X

Insights into Statistics, Query Optimization and the Oracle Optimizer

How do I drop an existing histogram on a column and stop the Auto Stats gathering job from creating it in the future?

Nigel Bayliss
Product Manager

Before answering this question, I want to provide a bit more background to this scenario. The person who submitted this question has a table with a VARCHAR2 column called ID whose data distribution is skewed. When the Auto Stats job kicks in for this table a histogram is automatically created on this column as it is used in nearly every SQL statement and it has a data skew. However, the values in the ID column are extremely long and the first 32 characters in each ID are identical (the database is Oracle Database 11g).

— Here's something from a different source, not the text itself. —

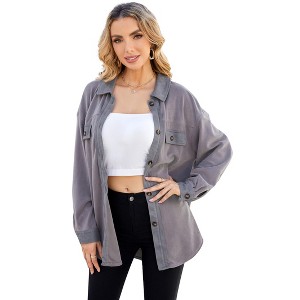 Women's Polar Fleece Shirt Jacket, Button - Down Long - Sleeve Coat with Chest Pockets, Casual Fall & Winter Outerwear - 1 of 4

When Oracle creates a histogram on a VARCHAR2 column it will only consider the first 64 characters of the column value in Oracle Database 12c or the first 32 characters of the column value in Oracle Database 11g. In other words, if the first 32/64 bytes of the column values are identical all of the values end up in a single bucket of the histogram even though in reality the values are different and are suppose to be in different histogram buckets. The Optimizer can potentially misestimate the cardinality when using this histogram, which can result in suboptimal plan. Note that number of distinct values and other statistics will be accurate, only the histogram will have this issue. For this reason it would be better not to have a histogram on this particular column now or in the future. So how do you drop the existing histogram and stop it from being collected in the future?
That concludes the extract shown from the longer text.